ASSIGNMENT
Look through the data below for the line with "Coach Shelly Flip" and the line with "Used Land Rover", then transcribe exactly from the first through the second, leaving out all pictures.

RECORDS PROVIDED
————————

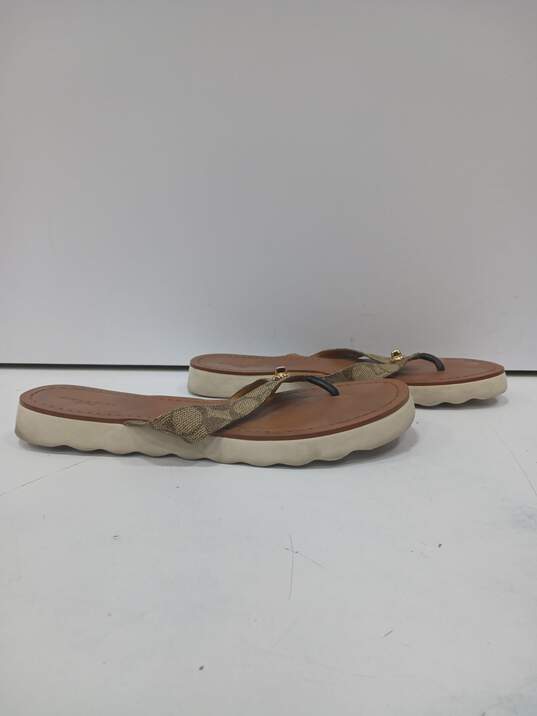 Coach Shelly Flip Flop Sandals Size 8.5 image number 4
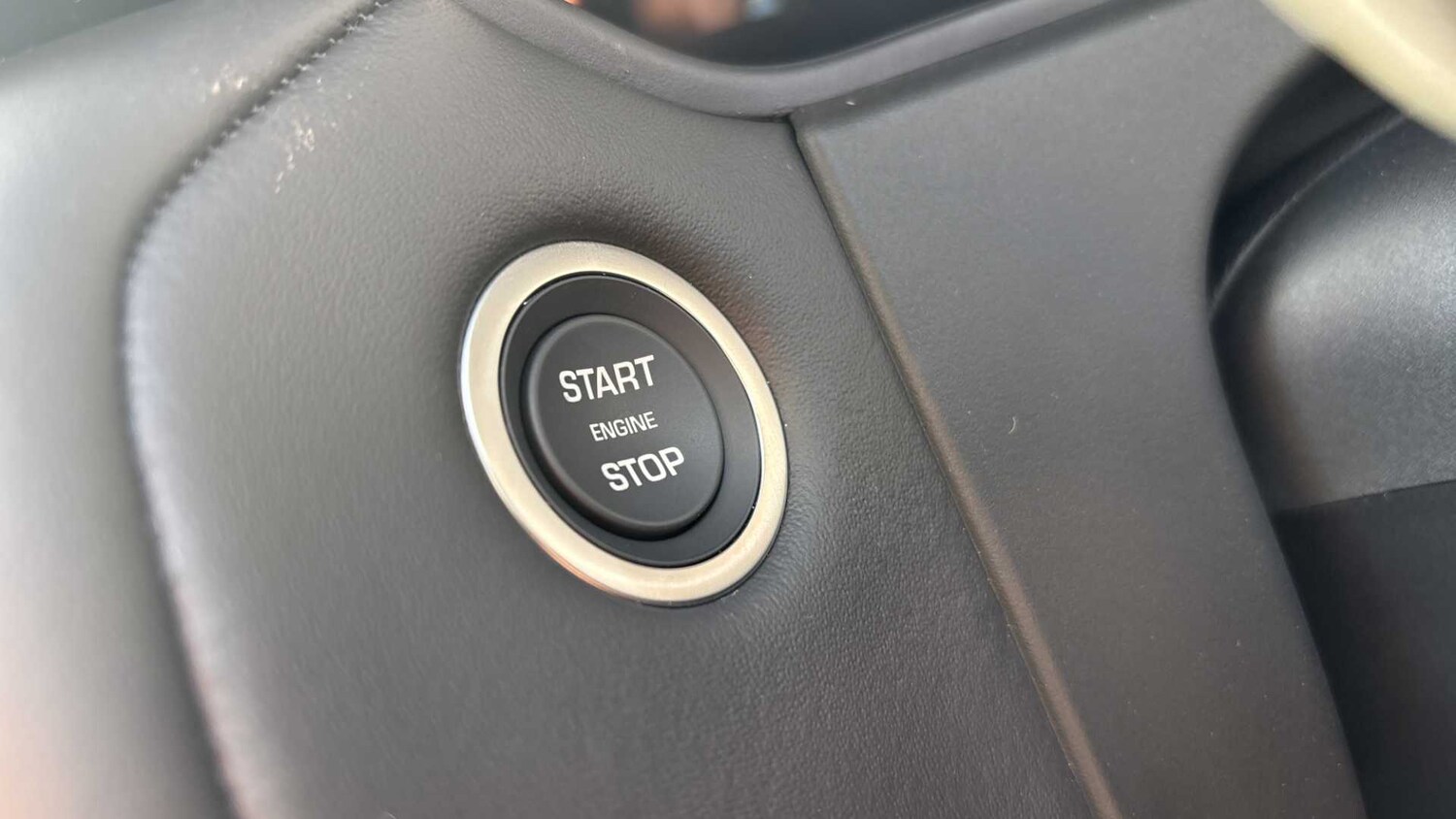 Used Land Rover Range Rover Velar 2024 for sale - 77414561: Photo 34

————————

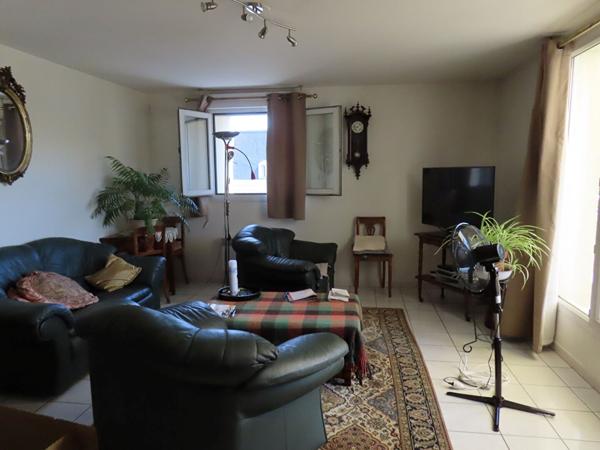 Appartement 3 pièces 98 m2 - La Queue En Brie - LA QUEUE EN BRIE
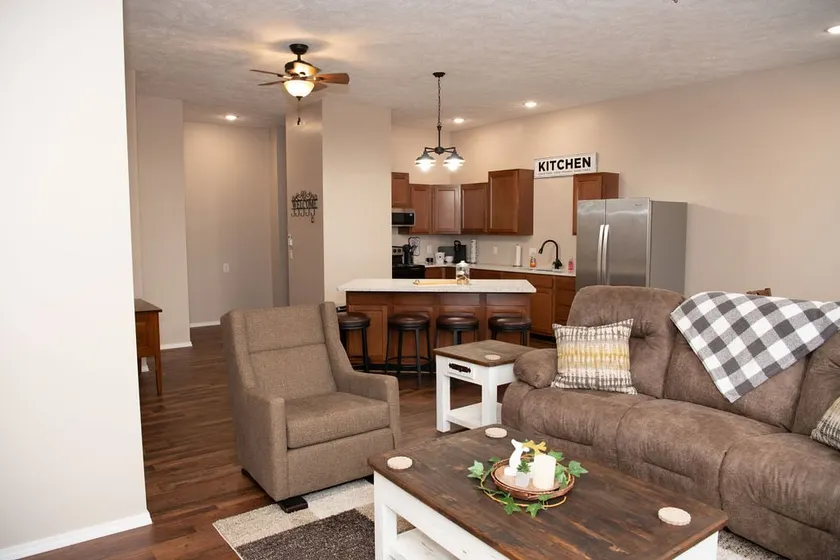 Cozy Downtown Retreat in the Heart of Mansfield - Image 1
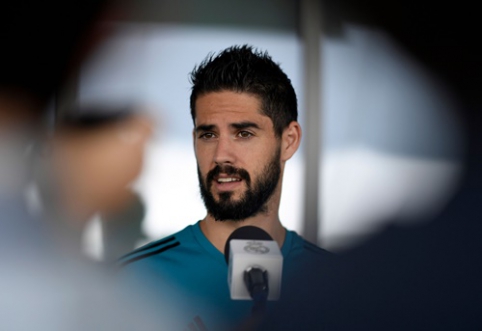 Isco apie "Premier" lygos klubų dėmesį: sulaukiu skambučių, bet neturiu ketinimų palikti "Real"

————————

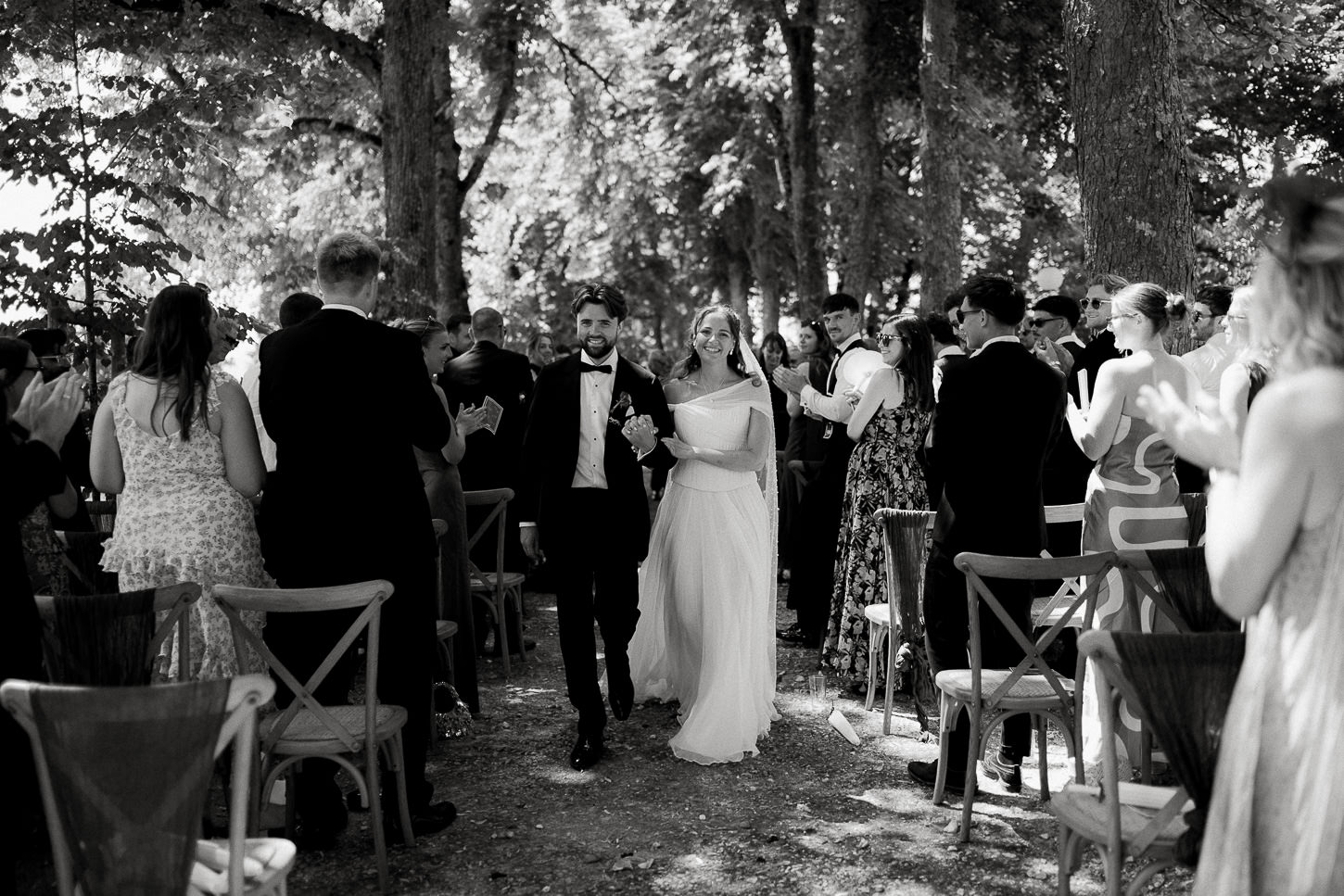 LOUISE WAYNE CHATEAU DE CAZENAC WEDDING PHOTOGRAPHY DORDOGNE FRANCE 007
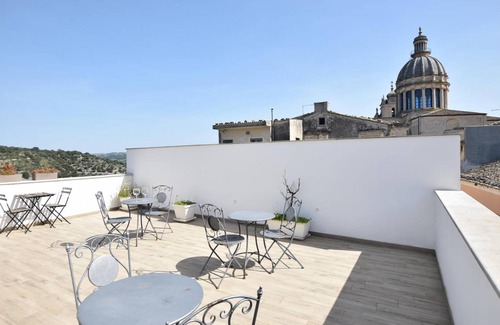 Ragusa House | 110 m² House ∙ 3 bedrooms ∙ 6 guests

————————

EXERCISE RESPONSE
 Coach Shelly Flip Flop Sandals Size 8.5 image number 4
 Used Land Rover Range Rover Velar 2024 for sale - 77414561: Photo 34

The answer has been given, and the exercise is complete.